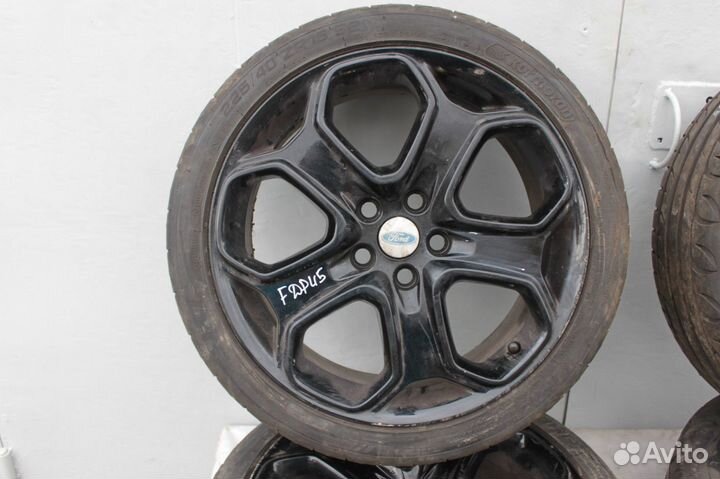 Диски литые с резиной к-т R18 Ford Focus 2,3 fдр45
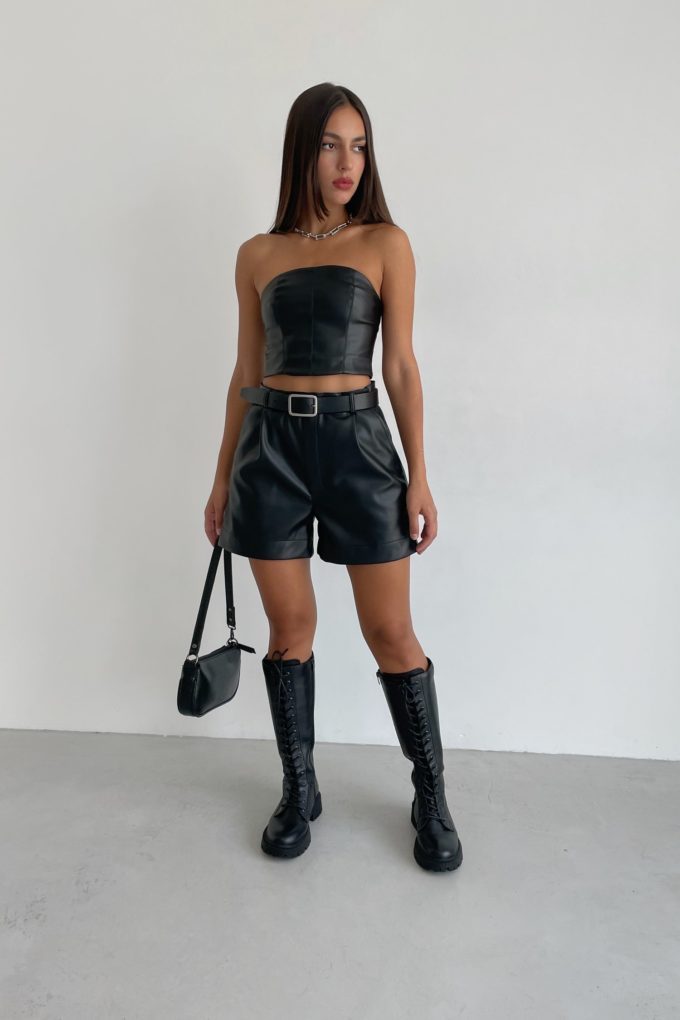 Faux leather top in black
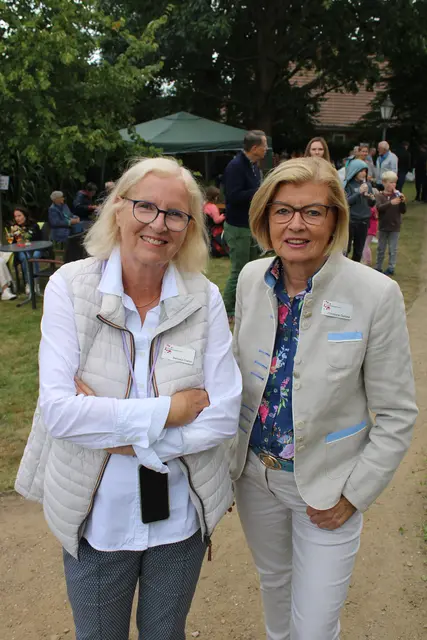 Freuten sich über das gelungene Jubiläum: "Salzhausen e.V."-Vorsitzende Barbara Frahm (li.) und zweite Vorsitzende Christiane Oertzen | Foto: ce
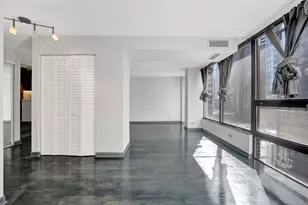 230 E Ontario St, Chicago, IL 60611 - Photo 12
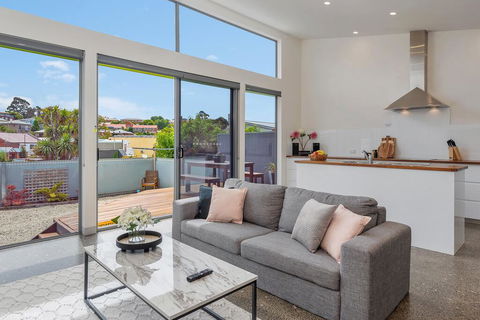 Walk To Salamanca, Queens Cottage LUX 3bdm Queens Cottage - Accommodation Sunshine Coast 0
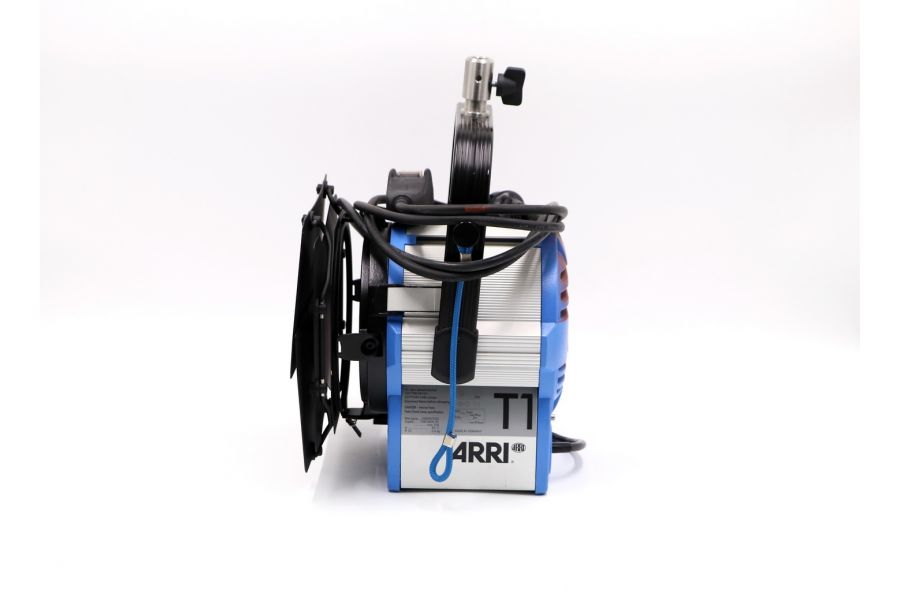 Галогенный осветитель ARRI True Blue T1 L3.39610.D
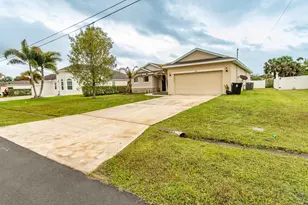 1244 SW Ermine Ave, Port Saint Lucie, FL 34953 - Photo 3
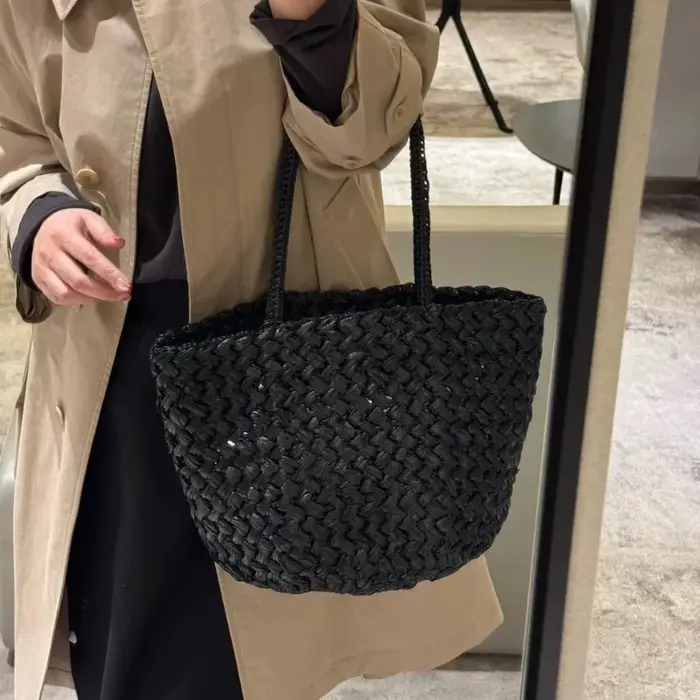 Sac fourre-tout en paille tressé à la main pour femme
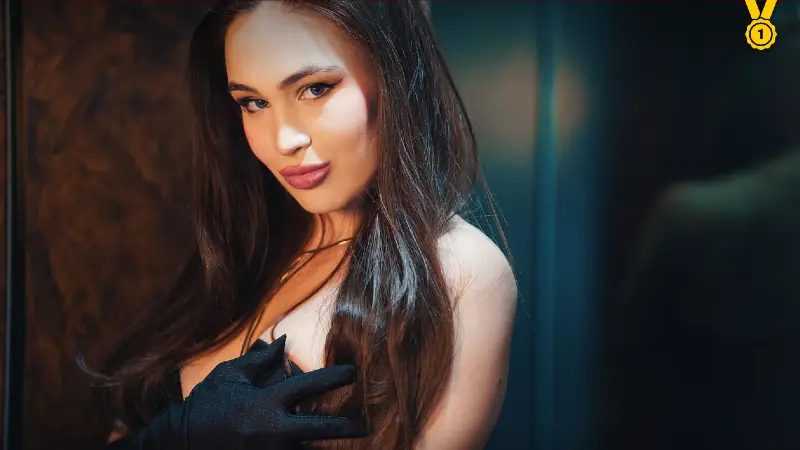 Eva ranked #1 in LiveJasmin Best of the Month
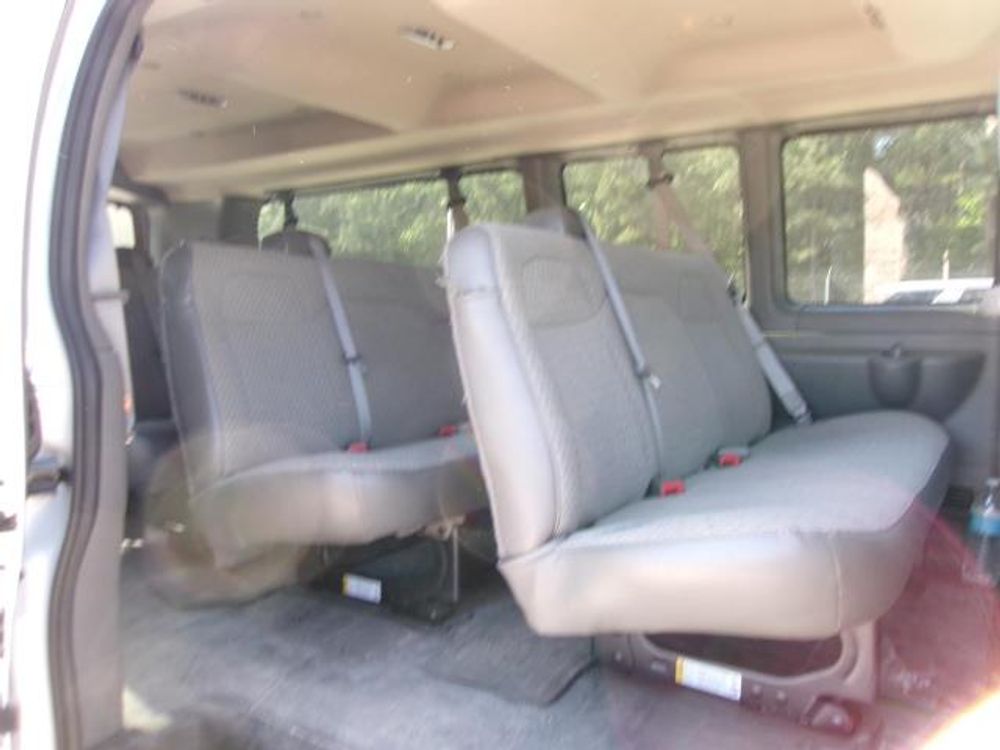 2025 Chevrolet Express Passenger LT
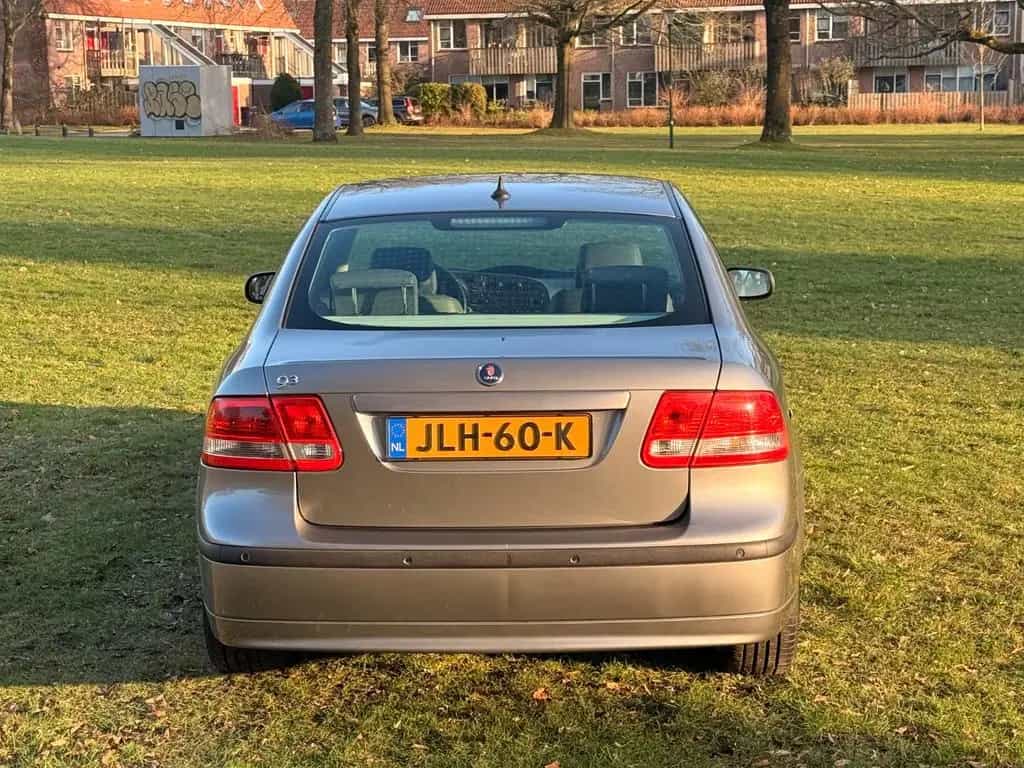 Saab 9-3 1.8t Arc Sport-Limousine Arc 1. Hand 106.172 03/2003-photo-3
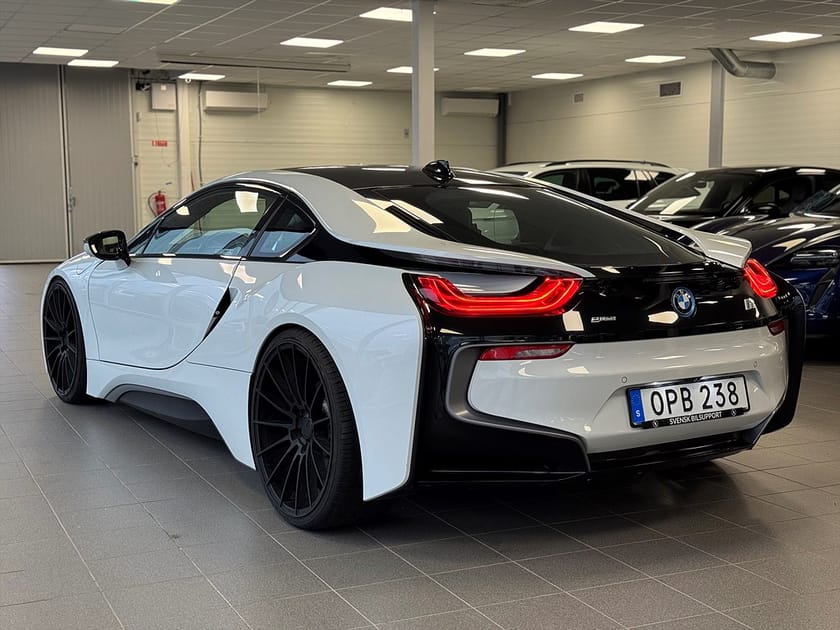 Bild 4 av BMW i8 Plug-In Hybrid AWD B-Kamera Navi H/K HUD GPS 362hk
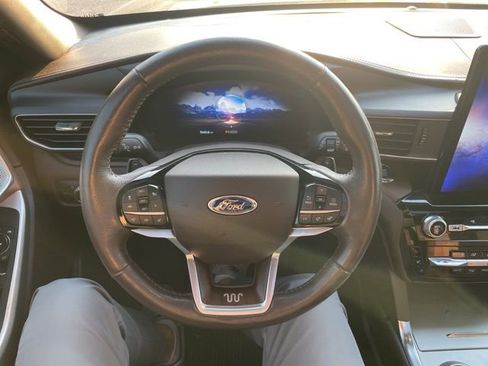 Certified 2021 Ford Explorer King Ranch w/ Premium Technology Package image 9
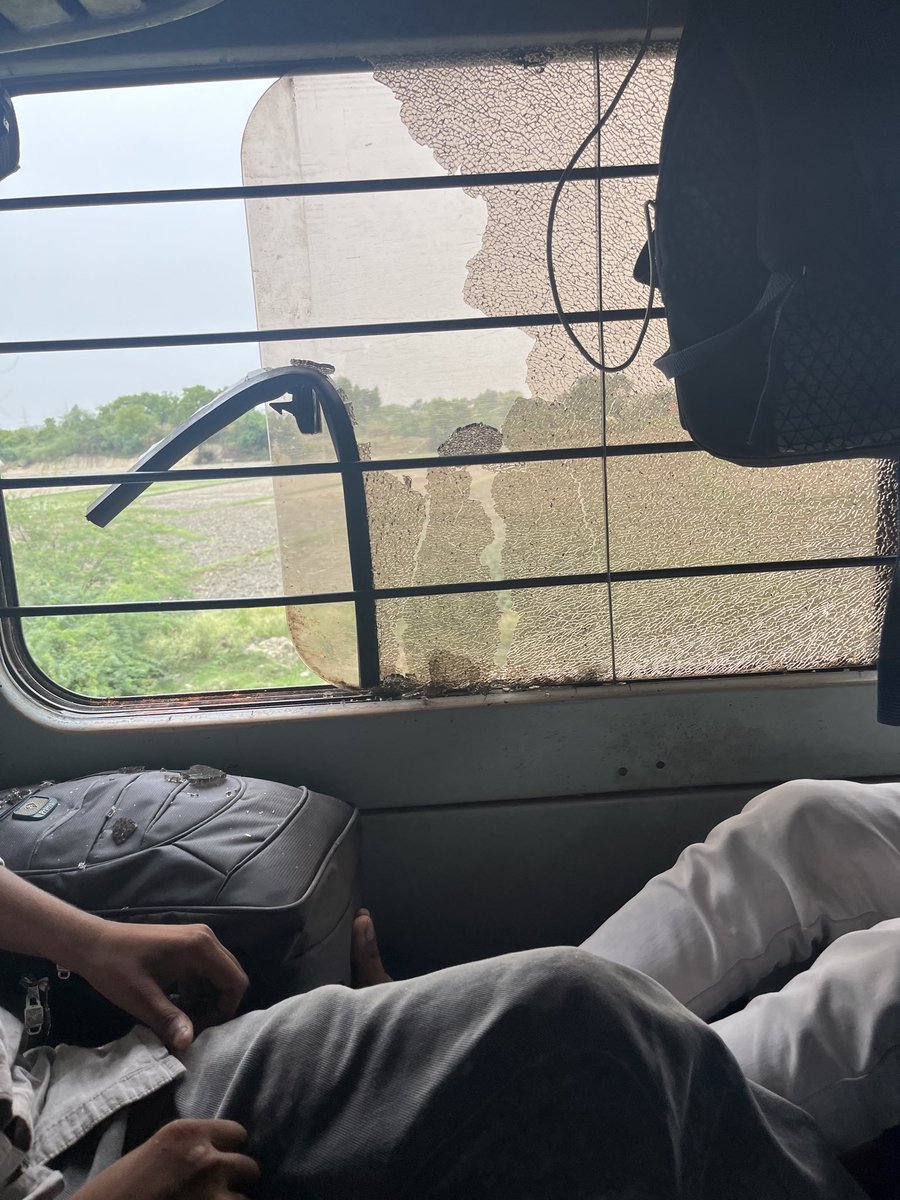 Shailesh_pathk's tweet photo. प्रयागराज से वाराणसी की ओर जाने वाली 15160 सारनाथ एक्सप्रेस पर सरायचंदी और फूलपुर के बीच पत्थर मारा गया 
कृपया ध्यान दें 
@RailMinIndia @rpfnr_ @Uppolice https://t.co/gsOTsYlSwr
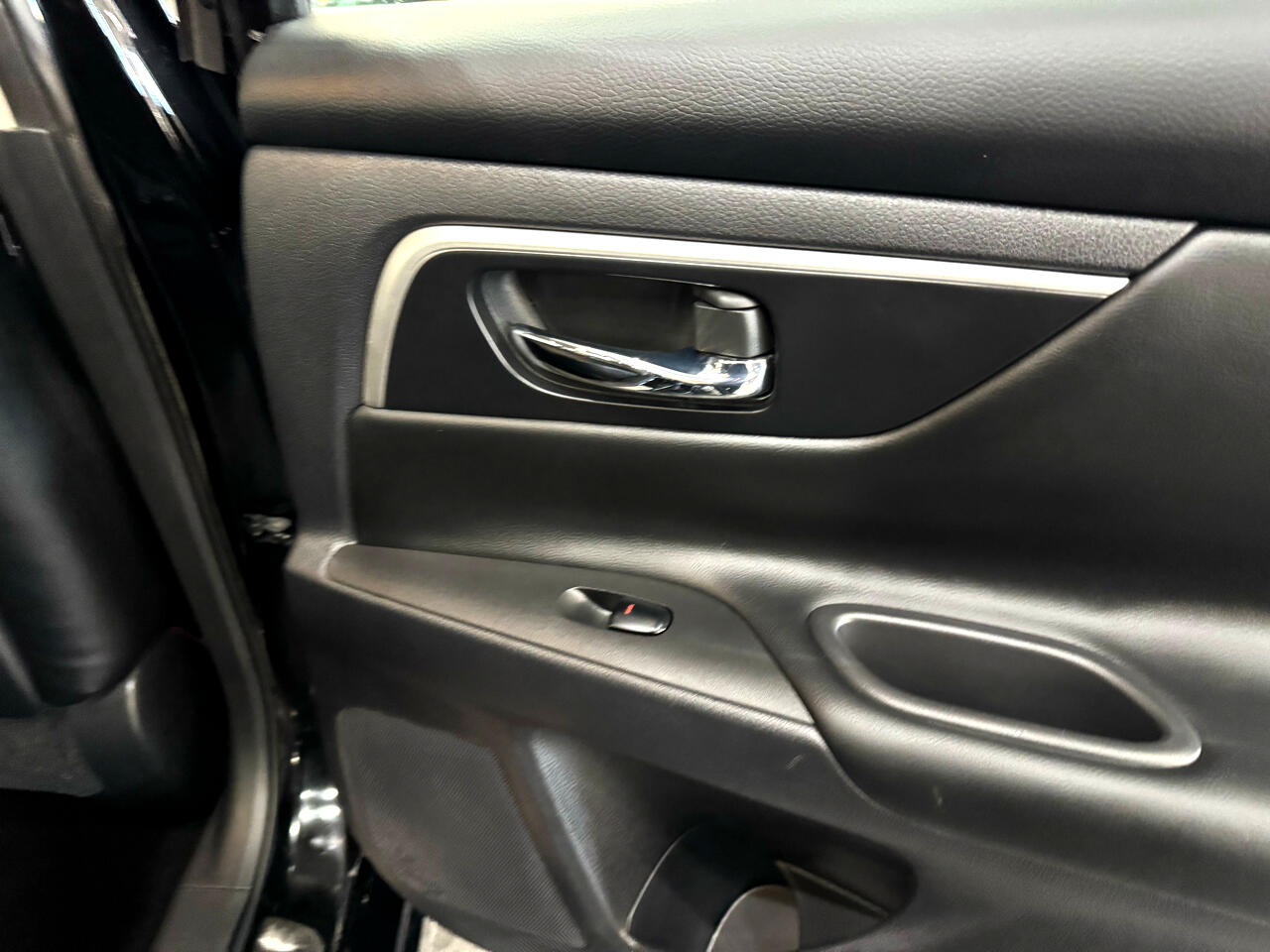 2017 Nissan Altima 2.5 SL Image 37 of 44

● **EXERCISE DESCRIPTION**:
Every record above should come back exactly, but without its pictures.

● **EXERCISE ANSWER**:
 Диски литые с резиной к-т R18 Ford Focus 2,3 fдр45
 Faux leather top in black
 Freuten sich über das gelungene Jubiläum: "Salzhausen e.V."-Vorsitzende Barbara Frahm (li.) und zweite Vorsitzende Christiane Oertzen | Foto: ce
 230 E Ontario St, Chicago, IL 60611 - Photo 12
 Walk To Salamanca, Queens Cottage LUX 3bdm Queens Cottage - Accommodation Sunshine Coast 0
 Галогенный осветитель ARRI True Blue T1 L3.39610.D
 1244 SW Ermine Ave, Port Saint Lucie, FL 34953 - Photo 3
 Sac fourre-tout en paille tressé à la main pour femme
 Eva ranked #1 in LiveJasmin Best of the Month
 2025 Chevrolet Express Passenger LT
 Saab 9-3 1.8t Arc Sport-Limousine Arc 1. Hand 106.172 03/2003-photo-3
 Bild 4 av BMW i8 Plug-In Hybrid AWD B-Kamera Navi H/K HUD GPS 362hk
 Certified 2021 Ford Explorer King Ranch w/ Premium Technology Package image 9
 Shailesh_pathk's tweet photo. प्रयागराज से वाराणसी की ओर जाने वाली 15160 सारनाथ एक्सप्रेस पर सरायचंदी और फूलपुर के बीच पत्थर मारा गया 
कृपया ध्यान दें 
@RailMinIndia @rpfnr_ @Uppolice https://t.co/gsOTsYlSwr
 2017 Nissan Altima 2.5 SL Image 37 of 44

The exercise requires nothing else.